Common question - You set out to get a new job, you work hard, you go through the interview process, you do your best, in your heart you believe this is the job God wants you to have. Then someone else gets the job. You say, “Lord, I thought I was doing Your will.” Perhaps you get the job, and you say, “Thank You, Lord.” But 6 months later you’re fired and you say, “What happened, Lord?” You think, “If only we could move to Durban, we would be happy.” So you move to Durban, believing it to be the will of God. When you get there, you still are not happy - “Lord, did we make a mistake?” We know God has a plan for us. We know that we weren’t put on the earth to grope through the darkness. But that’s the way life feels sometimes.

Knowing God’s will is a journey, not a destination, and along the way we will sometimes be quite confused. The bottom line is not being “right” or “wrong” about God’s will, but truly seeking what God’s will in the first place. If you are willing to follow him, he will lead you exactly where he wants you to go. The problem comes at the next level–the level of practical application. We know God guides His children, but how does that divine guidance work out in the nitty-gritty details? At precisely this point we need to be very clear in our thinking. There is so much misinformation, so much bad teaching, so much faulty theology when we come to the “how-to” of God’s guidance. As a result many Christians continually make wrong turns and end up in spiritual cul-de-sacs because they don’t understand what God has said about the way he guides His children.

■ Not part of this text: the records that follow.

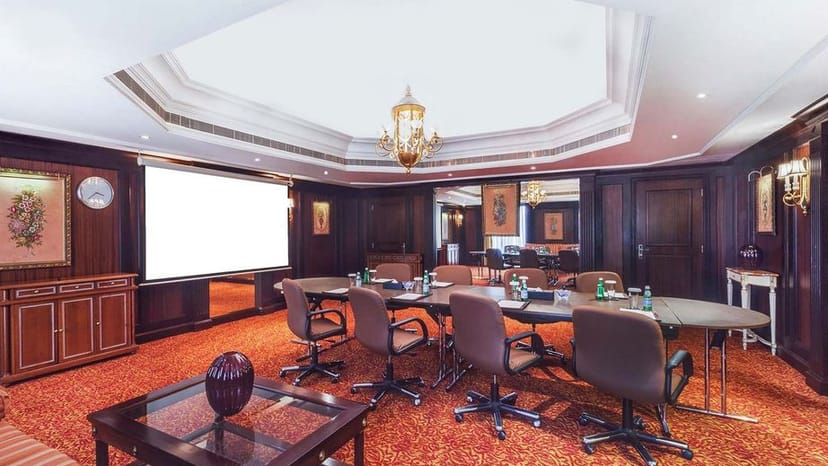Executive boardroom at Millennium Plaza Downtown Hotel, professional meeting space setup.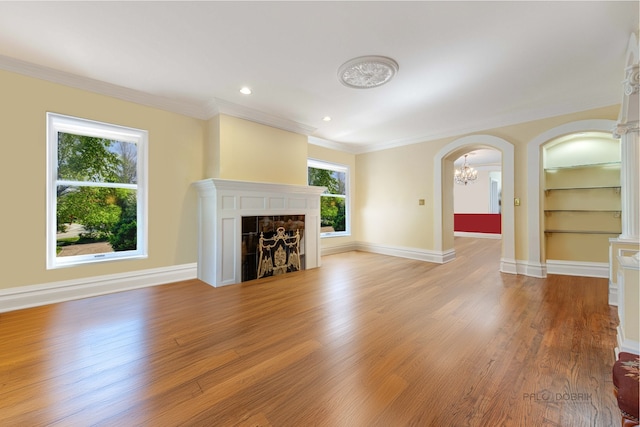 unfurnished living room with light wood-style flooring, a fireplace, built in features, and baseboards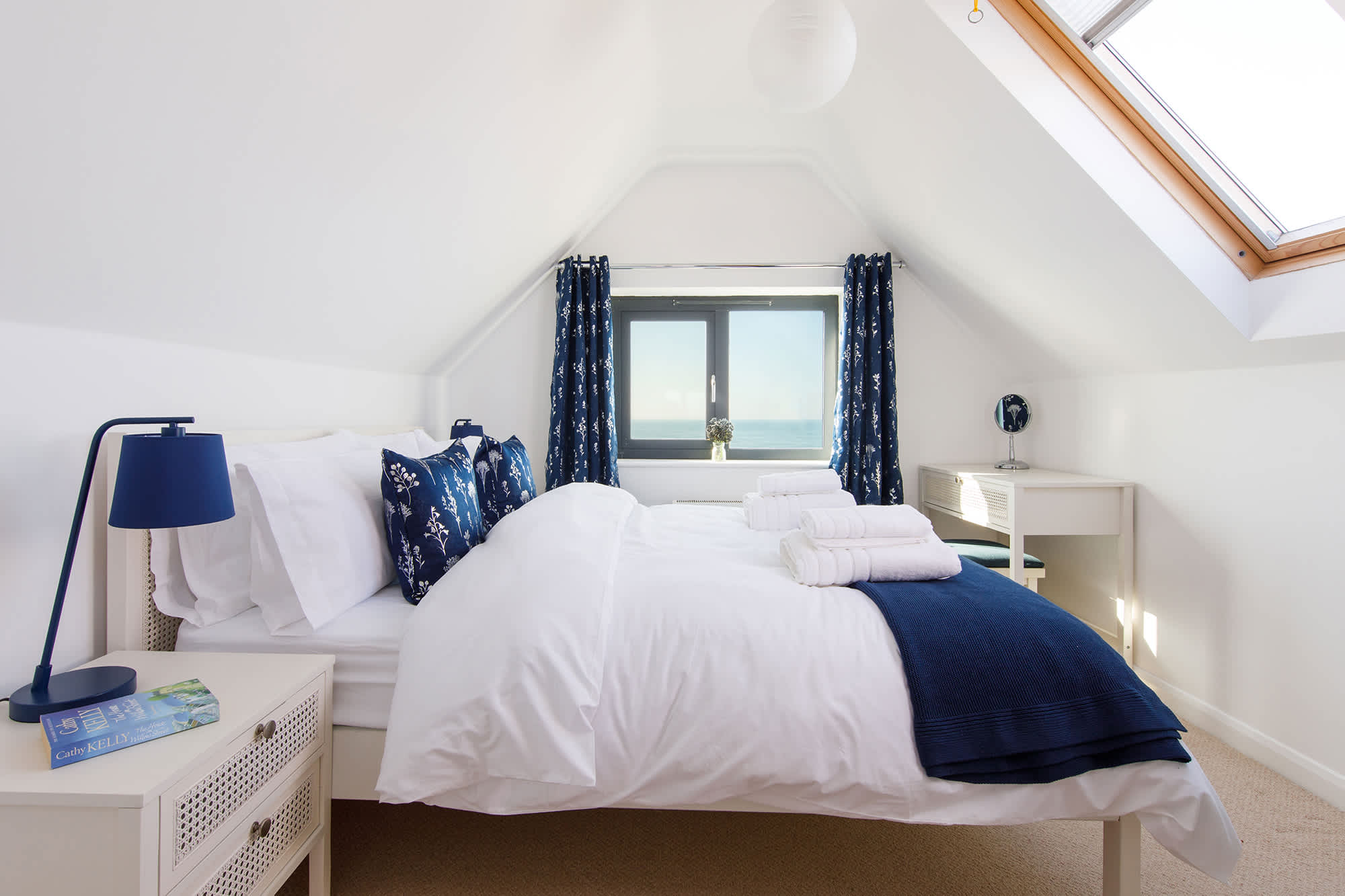 This king room has stunning views across the ocean.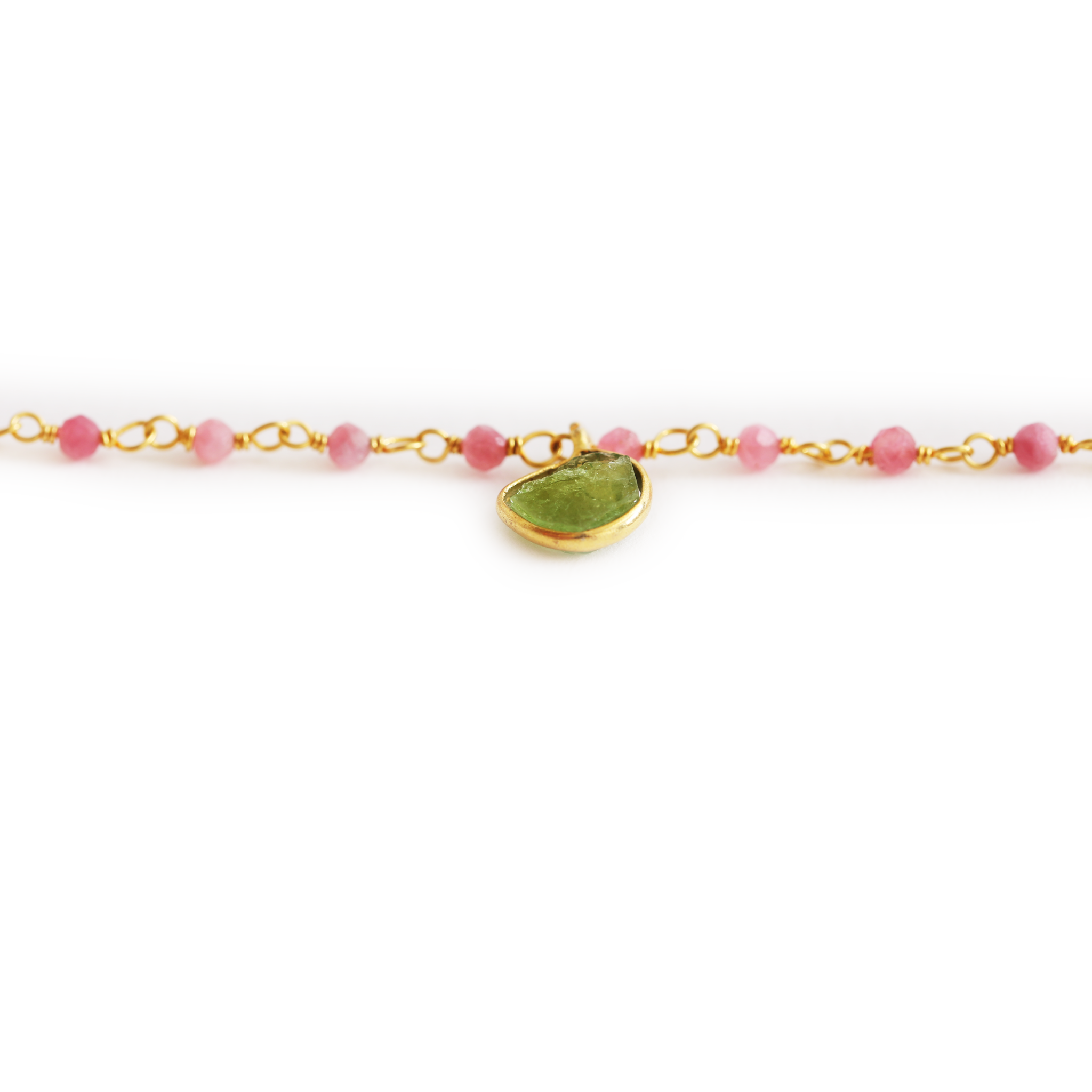 Pink Tourmaline beads and a Peridot
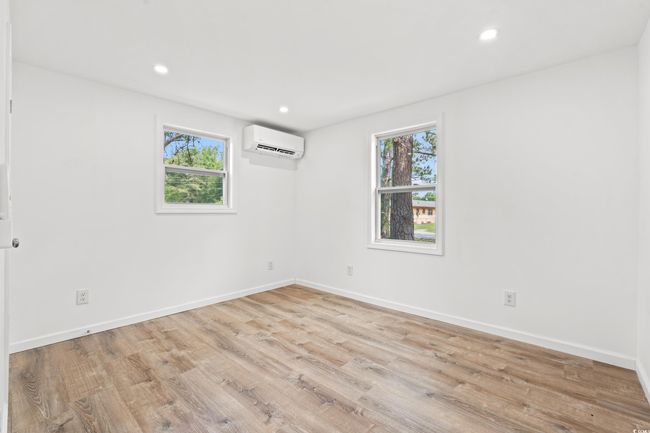 Spare room with a wall mounted AC, plenty of natural light, wood finished floors, baseboards, and recessed lighting | Image 13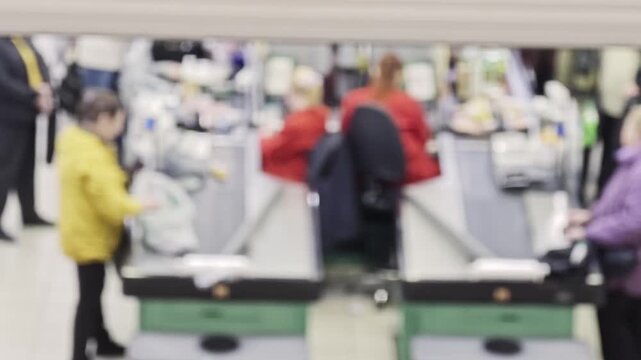 Workers help customers check out items at a busy grocery store in the afternoon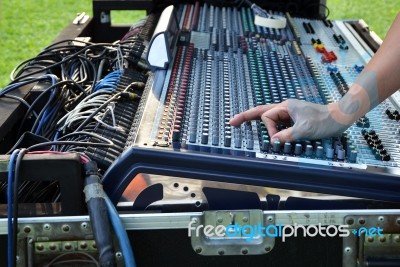 Sound Engineer At Mixing Desk Stock Photo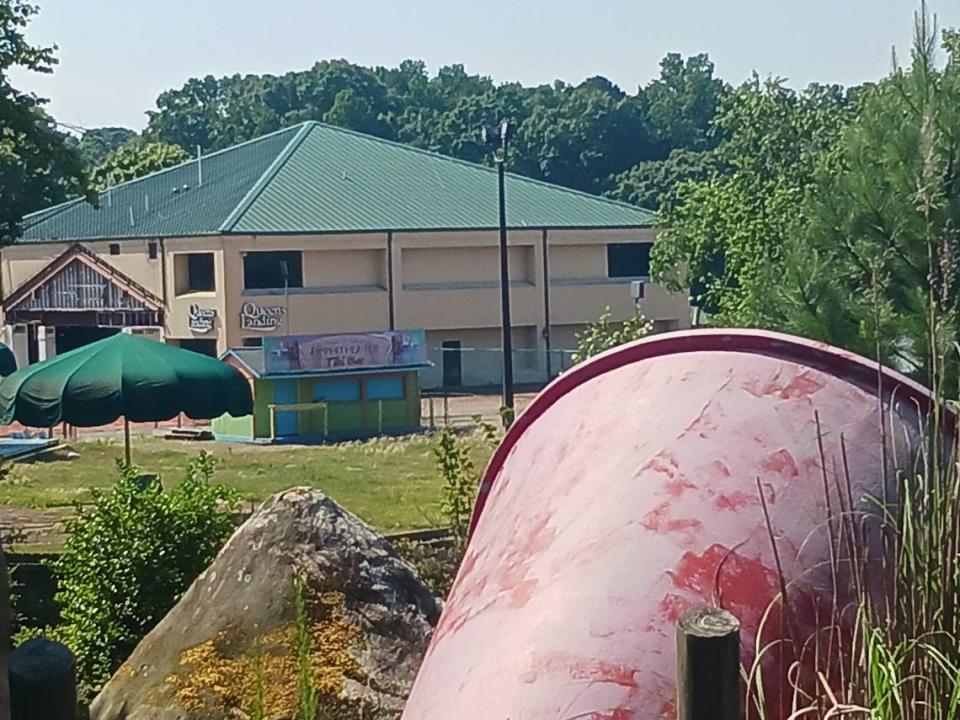 Decorative items lay toppled on the miniature golf course at the closed Queens Landing entertainment complex on Lake Norman in Mooresville on Tuesday, June 27, 2023. Gone are the Catawba Queen and Lady of the Lake dinner cruise boats.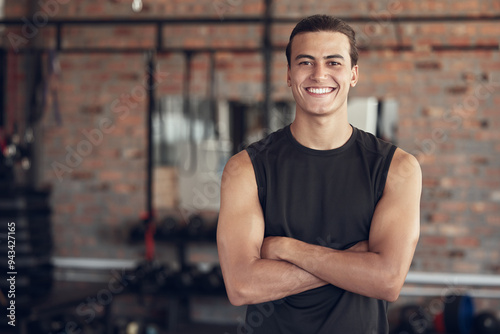 Man, portrait and confident in gym for fitness or daily workout routine, muscle growth and development. Male person, arms crossed and happy with pride in studio for exercise, cardio and training.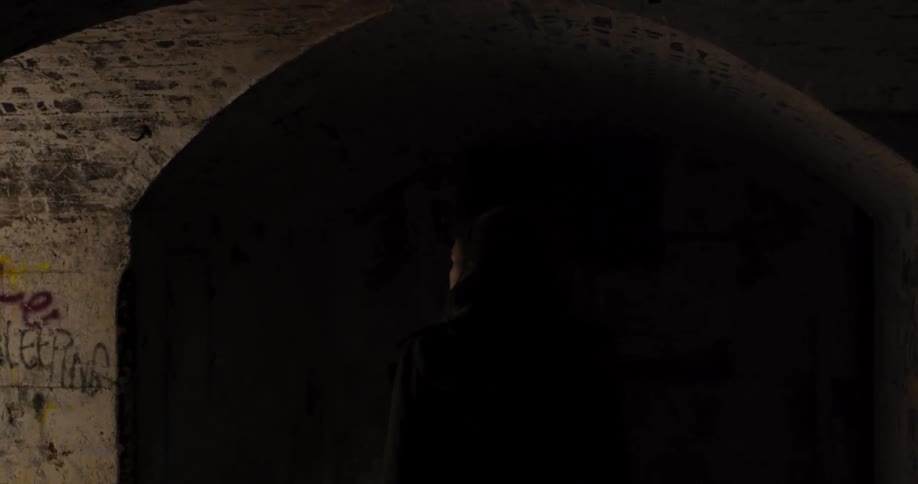 A woman walking down an abandoned tunnel shining a flashlight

To help us understand the biblical perspective, I’m going to share 4 wrong ideas about God’s guidance. Each of these myths, though popular, can be devastating to believers.

Myth #1: God wants you to know the future

This is the biggest mistake that Christians - mistake of assuming the end from the beginning. Because God has led us one step in a particular direction, we assume that the end result must be guaranteed. We start down a road, and because we are going a certain direction we think the destination is certain. Let’s be clear - It is rarely God’s will for you to know your personal future. Psalm 119:105 “Your word is a lamp to my feet and a light for my path.” The picture here is not of a blazing light that illuminates an entire room. It is a picture of a man in total darkness walking along a dangerous trail. There is no moon in the sky. His only light comes from the lantern in his hand. As he holds the lantern, it illuminates the step right in front of him. When he takes that step, what happens to the light? It goes forward one more step. The light is not bright enough to illuminate even 10 meters ahead.

Let’s face the truth–we want to know the future. At least we think we do. We want to know what is going to happen next year, so we can be ready in advance. But God won’t play that game with us.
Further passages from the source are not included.